Cognizant partners with Presidents Cup and Founders Cup, doubles purse of marquee LPGA event

Cognizant’s head-turning debut in golf sponsorship includes partnerships with both the PGA Tour and LPGA.

Cognizant’s head-turning debut in golf sponsorship includes partnerships with both the PGA Tour and LPGA. The Fortune 500 professional services company has signed on as a Global Partner for the Presidents Cup through 2026 and as the new title sponsor of the LPGA Founders Cup.

The Founders Cup, an event that started out with a mock purse in which all money earned went to charity, will now have a $3 million purse, which doubles the previous amount. The Cognizant Founders Cup will have the largest purse on the LPGA outside of the majors and CME Group Tour Championship.

Cognizant joins Rolex and Citi as Global Partners for the Presidents Cup, which will be held at Quail Hollow Club Sept. 19-25, 2022, in Charlotte, North Carolina. More than $54.4 million has been raised for charity since the event’s inception in 1994.

There was much talk about splitting up the announcement into two releases, said Gaurav Chand, Cognizant’s Chief Marketing Officer, but that would’ve taken away from the core message around the company’s shared values.

“I think companies that can make a difference in golf period and show a huge commitment to men and women are leading the way,” LPGA commissioner Mike Whan told Golfweek. “It’s becoming more and more normal.
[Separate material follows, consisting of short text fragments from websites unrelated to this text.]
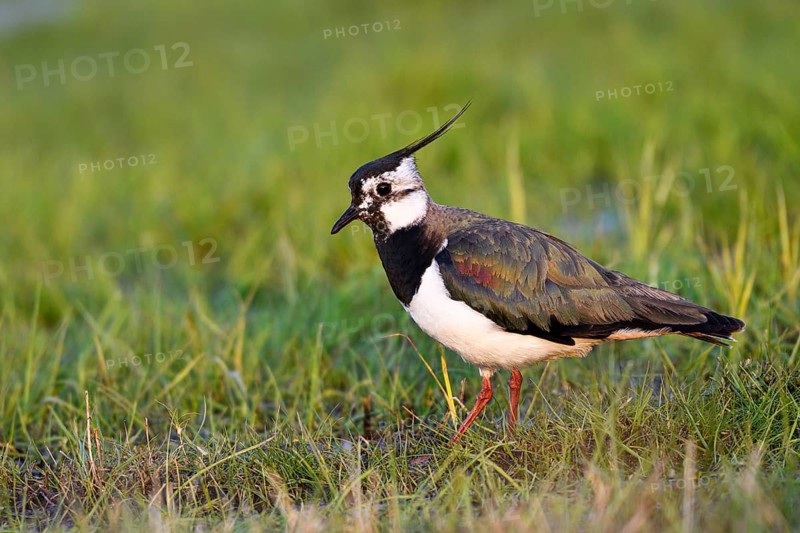 Northern lapwing (Vanellus vanellus), in a wet meadow, Dümmer, Lower Saxony, Germany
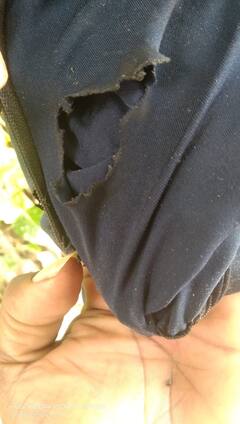 Akola News : खिश्यात ठेवलेल्या मोबाईलचा अचानक स्फोट; प्रसंगावधानाने थोडक्यात बचावला तरुण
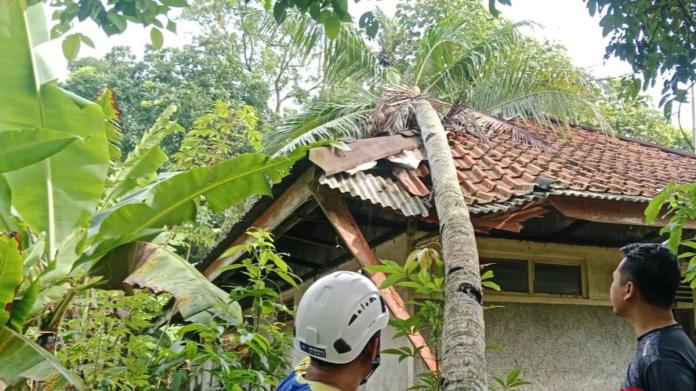 pohon rumah pamarican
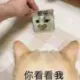 花落缘寂灭的头像-天机阁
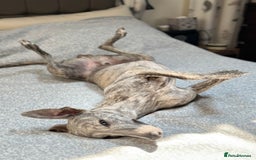 Whippet dogs for stud: Blue Brindle Whippet Leo - Image 9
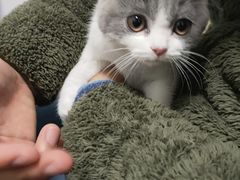 -欣宠猫屋·矮脚拿破仑·蓝金金渐层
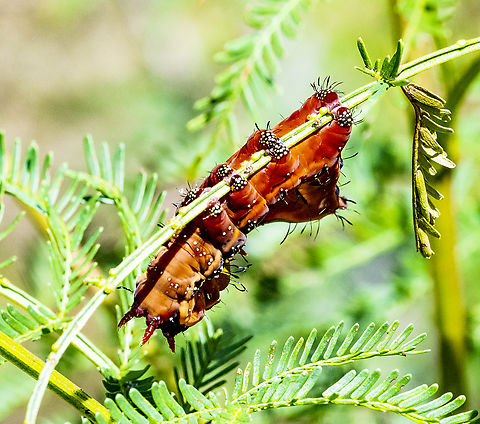 Neola semiaurata  Australia,Geotagged,Neola semiaurata,Summer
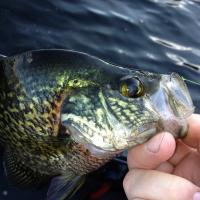 Northern Wisconsin Black Crappie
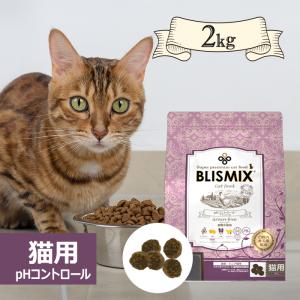 ケイエムテイ ブリスミックス pHコントロール グレインフリーチキン 2kg 成猫 小粒タイプ ドライフード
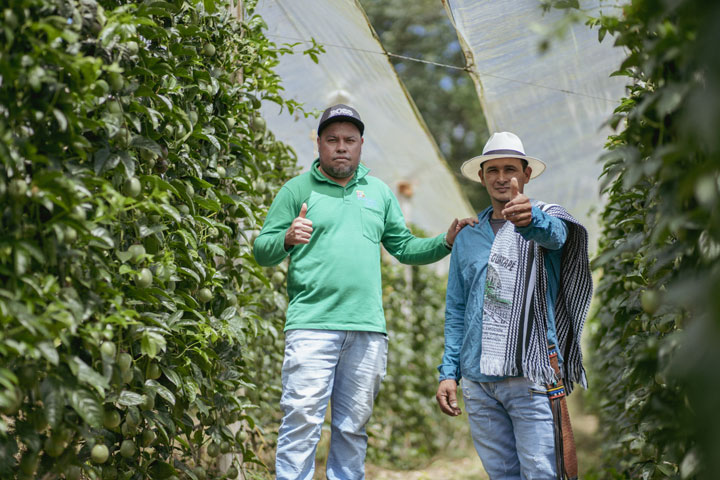 Asesor y productor prosagro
I don’t know in three years if you’ll find that to be the interesting part of the story. In time, it will almost be a given.”

The late Marilynn Smith poses near her poster on the Founders Walk during the first round of the RR Donnelley Founders Cup.
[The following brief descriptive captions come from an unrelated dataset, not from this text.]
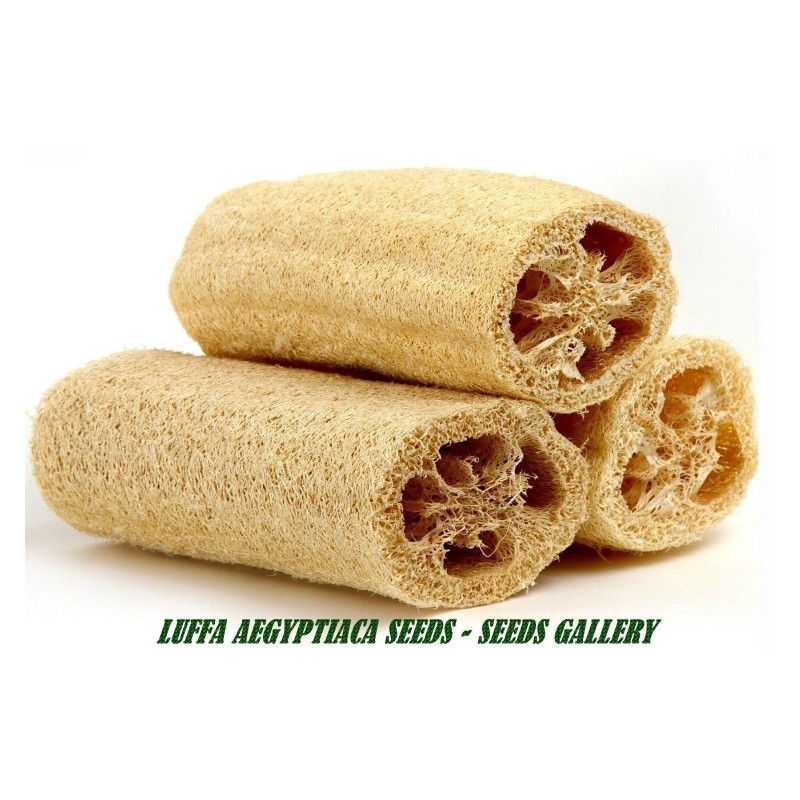 Echte Schwammgurke Samen (Luffa aegyptiaca)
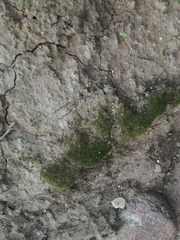 Dicranella heteromalla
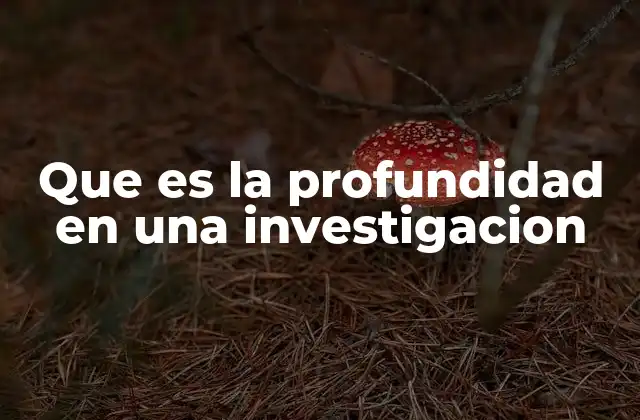 Que es la Profundidad en una Investigacion 2 La importancia de abordar temas con rigor analítico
Cognizant has signed a multi-year agreement with the LPGA. The 2021 edition will be played Oct. 7-10, away from its traditional spring date, and will move east from Phoenix to Mountain Ridge Country Club in West Caldwell, New Jersey, a Donald Ross-designed course that credits one-third of its rounds to female golfers.

The Founders Cup began in 2011, the result of a dream Whan scribbled down on a hotel bar napkin to celebrate the tour’s 13 founders. It has been critical to the growth of LPGA-USGA Girls Golf and a bridge between the current generation and those who, 70 years ago, laid the foundation.

Chand said getting the Founders Cup on network TV is “absolutely critical” to the event’s growth and success. Doubling the purse was an easy decision.

“Just purely statistically, looking at the numbers, $1.5 million, are you kidding me?” said Chand. “In celebration of something that was so incredible, so compelling, so groundbreaking? That just does not seem fair. So when we started talking to Mike Whan and the LPGA, that’s where I honed in on in a big way, which is what can we do to make the Founders Cup have a larger platform than it’s ever had in the past?”

It’s a stirring start.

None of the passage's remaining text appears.